*Assigned task*: Give back exactly the lines of the material below that start at the one holding "And that is" and end at the last line, minus the pictures.

*Given data*:
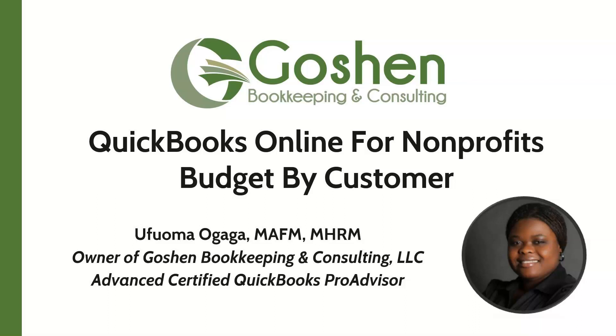Welcome to QuickBooks Online for Non-Profits. My name is Ufuma Ogaga. I am the founder and owner of Goshen Bookkeeping and Consulting. I specialize in serving non-profit businesses nationwide, helping them to increase profitability one mission at a time.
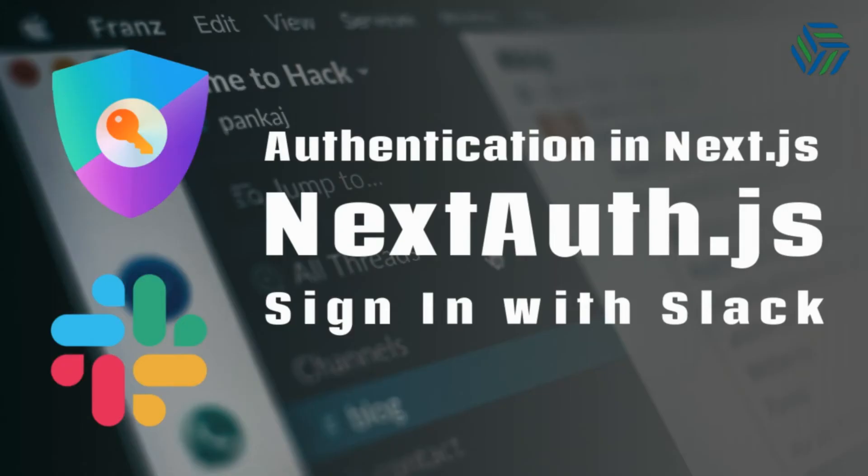What's going on guys, NextAuthJS is a complete open source authentication solution for NextJS applications and the solution is designed to work with any OAuth service.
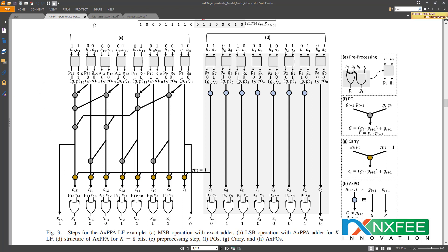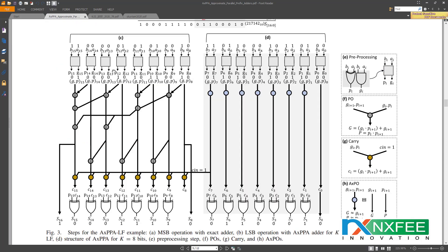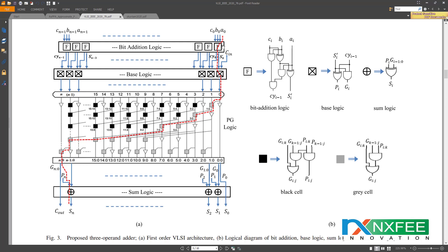For the proposed architecture, we reference two base papers. One introduces the three-operand technique with inputs A, B, and C. The base paper uses only two-operand addition (A + B), but our proposed paper uses three-operand addition (A + B + C). These three inputs are first given to the bit addition logic, whose architecture is shown in the logical diagram.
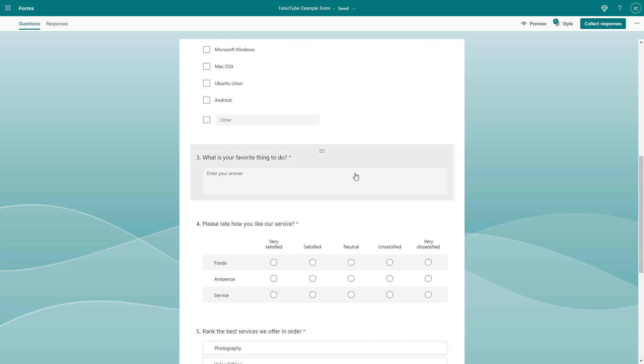And that is how you can copy out your questions and also delete out questions that you don't like inside of Microsoft Forms. I hope you guys learn something as always. And as always, please like, comment, share and subscribe.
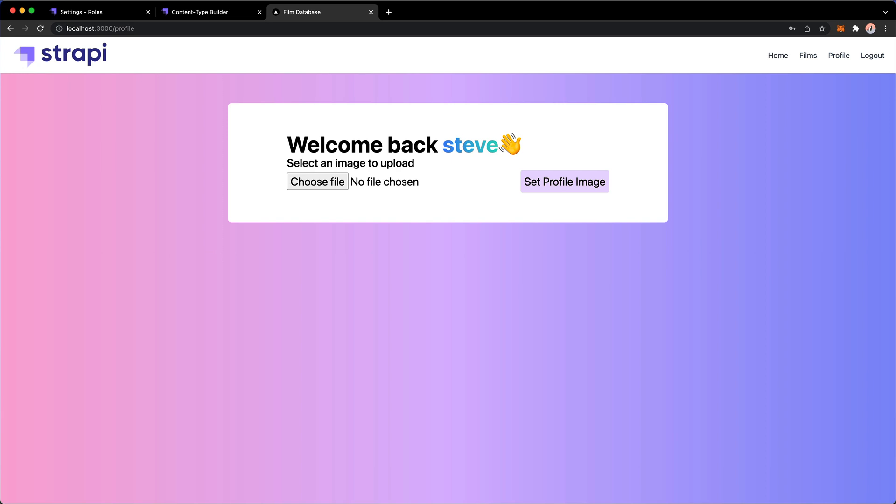We're going to work on uploading this particular image and we're going to see how that can be done. And we're going to do that in the next video.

*Problem solution*:
And that is how you can copy out your questions and also delete out questions that you don't like inside of Microsoft Forms. I hope you guys learn something as always. And as always, please like, comment, share and subscribe.
We're going to work on uploading this particular image and we're going to see how that can be done. And we're going to do that in the next video.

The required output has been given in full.